(Input material)
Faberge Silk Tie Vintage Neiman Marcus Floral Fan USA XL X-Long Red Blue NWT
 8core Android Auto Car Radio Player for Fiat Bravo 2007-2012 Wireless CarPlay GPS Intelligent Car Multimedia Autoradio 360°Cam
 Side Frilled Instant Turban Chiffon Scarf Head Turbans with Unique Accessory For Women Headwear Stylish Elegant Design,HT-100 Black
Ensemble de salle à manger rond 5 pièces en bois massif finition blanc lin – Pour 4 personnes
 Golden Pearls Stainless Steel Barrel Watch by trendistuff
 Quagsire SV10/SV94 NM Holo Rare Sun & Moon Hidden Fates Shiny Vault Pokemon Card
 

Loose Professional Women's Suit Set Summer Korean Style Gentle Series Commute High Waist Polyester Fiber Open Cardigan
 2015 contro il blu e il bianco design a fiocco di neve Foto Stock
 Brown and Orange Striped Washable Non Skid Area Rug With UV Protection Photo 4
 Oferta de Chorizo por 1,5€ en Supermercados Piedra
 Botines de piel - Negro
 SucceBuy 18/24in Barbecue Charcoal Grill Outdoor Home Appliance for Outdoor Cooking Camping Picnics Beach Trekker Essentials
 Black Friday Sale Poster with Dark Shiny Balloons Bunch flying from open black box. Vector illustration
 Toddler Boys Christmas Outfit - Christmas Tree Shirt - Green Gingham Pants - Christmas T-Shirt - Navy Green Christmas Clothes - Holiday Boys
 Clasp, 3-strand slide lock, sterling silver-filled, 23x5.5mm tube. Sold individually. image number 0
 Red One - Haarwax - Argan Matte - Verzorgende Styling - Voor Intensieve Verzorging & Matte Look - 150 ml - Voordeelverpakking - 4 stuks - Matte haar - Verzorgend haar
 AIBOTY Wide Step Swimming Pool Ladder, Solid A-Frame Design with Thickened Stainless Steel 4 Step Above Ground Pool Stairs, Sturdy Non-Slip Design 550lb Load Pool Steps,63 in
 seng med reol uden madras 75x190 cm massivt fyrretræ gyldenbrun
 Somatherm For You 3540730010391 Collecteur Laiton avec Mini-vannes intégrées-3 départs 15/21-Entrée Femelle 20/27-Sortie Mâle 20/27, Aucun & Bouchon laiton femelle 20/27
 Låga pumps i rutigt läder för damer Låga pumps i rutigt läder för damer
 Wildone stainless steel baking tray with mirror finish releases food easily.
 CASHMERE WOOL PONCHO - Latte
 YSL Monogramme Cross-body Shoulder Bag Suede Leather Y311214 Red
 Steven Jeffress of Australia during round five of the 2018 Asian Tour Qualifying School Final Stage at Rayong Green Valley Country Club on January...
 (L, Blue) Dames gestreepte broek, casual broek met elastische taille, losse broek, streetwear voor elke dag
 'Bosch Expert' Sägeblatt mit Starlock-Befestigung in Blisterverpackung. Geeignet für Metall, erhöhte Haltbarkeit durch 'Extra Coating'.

(Requirement) Write out each line above containing "Shiny".

(Result of this task)
 Quagsire SV10/SV94 NM Holo Rare Sun & Moon Hidden Fates Shiny Vault Pokemon Card
 Black Friday Sale Poster with Dark Shiny Balloons Bunch flying from open black box. Vector illustration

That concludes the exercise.